Wahren Seelenfrieden finden wir, wenn wir uns trauen, wir selbst zu sein. Wir selbst entscheiden, ob unsere Lebenssinfonie in Dur oder in Moll erklingt – und sollten wir uns dabei einmal für Moll entscheiden, ist das auch in Ordnung.
Kennst du jenen geheimnisvollen Moment der Stille, der sich ausbreitet, bevor ein Orchester zu spielen beginnt – und hast du je erfahren, welch gewaltige Kraft sich entfaltet, wenn der Dirigent den Taktstock hebt und die verschiedenartigsten Klänge der Musiker in einem mächtigen Akkord zusammenfinden?
Noch immer steigen mir in diesen Augenblicken Tränen der Rührung in die Augen. Ich bin überwältigt und fühle mich dem göttlichen Funken näher als sonst – ja, ich spüre ihn sogar direkt in mir, obwohl ich nur Zeuge des Geschehens bin und nicht im Orchester sitze. Doch alleine durch das Zuhören ist es, als wäre ich Teil des Ganzen geworden.

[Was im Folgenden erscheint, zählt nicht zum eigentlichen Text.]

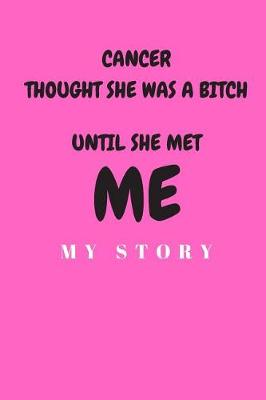 Book cover for Cancer Thought She Was A bitch Until She Met Me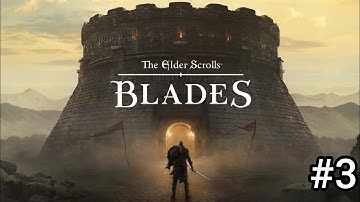 The Elder Scrolls Blades Gameplay Walkthrough Part 3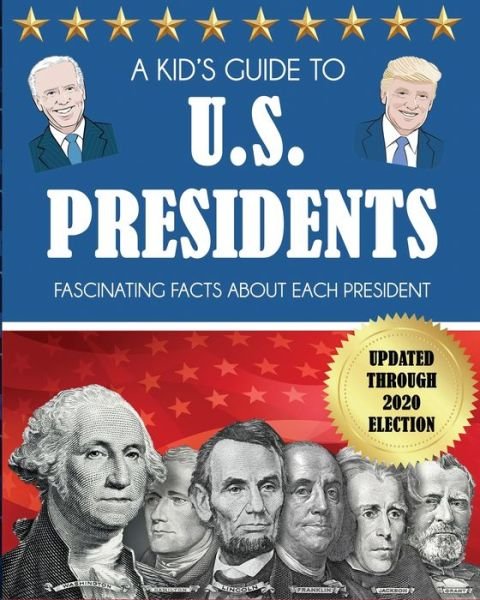 Cover for Dylanna Press · Kid's Guide to U.S. Presidents (Book) (2022)
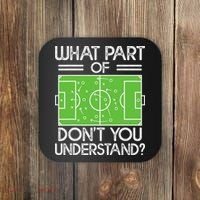 Soccer Coach Funny What Part Of Soccer Don't You Understand Coaster thumb 0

Du bist der Dirigent deines Lebens
Als Jugendliche habe ich selbst in einem Orchester gespielt: erst an der Violine, später mit der Bratsche. Am spannendsten fand ich jene Minuten, in denen wir vor dem Beginn eines Konzertes unseren Instrumenten den letzten Feinschliff gegeben haben. Die Klänge, die einer solchen Situation entstehen, scheinen ein einziges, schräges Durcheinander zu sein. Hier drehen die Streicher an den Wirbeln – das sind jene Werkzeuge, mit denen die Saiten auf die passende Spannung gebracht werden – und lauschen dabei hochkonzentriert in ihr Instrument hinein, dort spielen die Bläser noch einmal schwierige Passagen an oder versuchen, ihren Ansatz zu perfektionieren, wechseln vielleicht auch noch einmal das Mundstück. Notenpulte werden justiert, Bögen präpariert, Noten aufgeblättert und Stühle gerückt. Und dann, plötzlich – Stille. Der Dirigent betritt sein Pult, das Murmeln des Publikums verstummt schlagartig, der Taktstock wandert in die Luft und die Musik setzt ein.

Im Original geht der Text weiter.